10) Marginal Costing
This method of costing is concerned with changes in costs resulting from changes in the volume of production. Under this system, the cost of the product is divided into marginal (variable) and fixed costs.
The fixed portion of the cost is considered constant and is allocated based on a production level, while any additional production units involve only variable costs. Marginal costing is a valuable tool for the measurement of profitability of different production lines, different departments and divisions within an organisation. The decisions about short-term utilization of capacity are also assessed with the help of marginal costing.
11) Control Accounting
Control accounting is not an independent accounting system. Different systems have their control devices which are utilized in the field of control accounting. Standard costing and budgetary control can be implemented through the use of variance analysis reports. In control accounting, we can use internal checks, internal audits, statutory audits and organization and methods for control purposes.

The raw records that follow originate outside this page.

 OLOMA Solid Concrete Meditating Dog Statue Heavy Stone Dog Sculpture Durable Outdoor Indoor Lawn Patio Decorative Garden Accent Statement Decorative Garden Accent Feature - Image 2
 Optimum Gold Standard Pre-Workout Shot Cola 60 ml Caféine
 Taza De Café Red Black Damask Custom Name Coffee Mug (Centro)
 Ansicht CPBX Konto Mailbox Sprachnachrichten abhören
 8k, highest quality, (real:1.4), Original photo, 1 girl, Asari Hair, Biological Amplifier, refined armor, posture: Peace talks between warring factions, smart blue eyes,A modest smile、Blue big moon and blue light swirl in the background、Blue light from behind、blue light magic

What is Management Accounting?
Management accounting focuses on presenting accounting information to assist management in their decision making, planning, and control functions. Management accounting was developed because of management’s demand for information on past and present operations for predicting future trends.
The management accounting system acts as a decision support system for providing the right information to the right people at the right time. It deals with accounting information for managerial decision-making purposes.
Management accounting is dynamic and forward-looking. It provides various techniques for solving problems, decision making, planning, controlling and efficiently planning business operations. Its primary objective is to help managers to run their organisations smoothly. It is a value-adding process that guides management actions and motivates the behaviour of organisational people.
It creates cultural values necessary to achieve an organisation’s strategic, tactical and operating objectives. An effective management accounting system can create considerable value for organisational success by providing timely and accurate information about the various activities required.
Meaning of Management Accounting
Management accounting is a discipline that is comprised of two words ‘Management’ and ‘Accounting’. It is concerned with the study of the managerial aspect of accounting. The primary focus of management accounting is to reconfigure accounting in a manner that serves the needs of the management team. This includes aiding in the development of policies, facilitating the implementation of controls, and enabling effective evaluation. It is that system of accounting which helps management in enhancing efficiency by facilitating various functions.
Definition of Management Accounting
According to T.G. Rose, “Management accounting is the adaptation and analysis of accounting information and its diagnosis and explanation in such a way as to assist management”.
According to the American Accounting Association, “Management accounting includes the method and concepts necessary for effective planning, for choosing among alternative business actions and for control through the evaluation and interpretation of performances”.
As per the Institute of Chartered Accountants of England & Wales, “Any form of accountancy which enables a business to be conducted more effectively can be regarded as Management Accounting”.
According to the Anglo-American Council on Productivity, “Management accounting is the presentation of accounting information in such a way as to assist management in the creation of policy and the day-to-day operation of an undertaking”.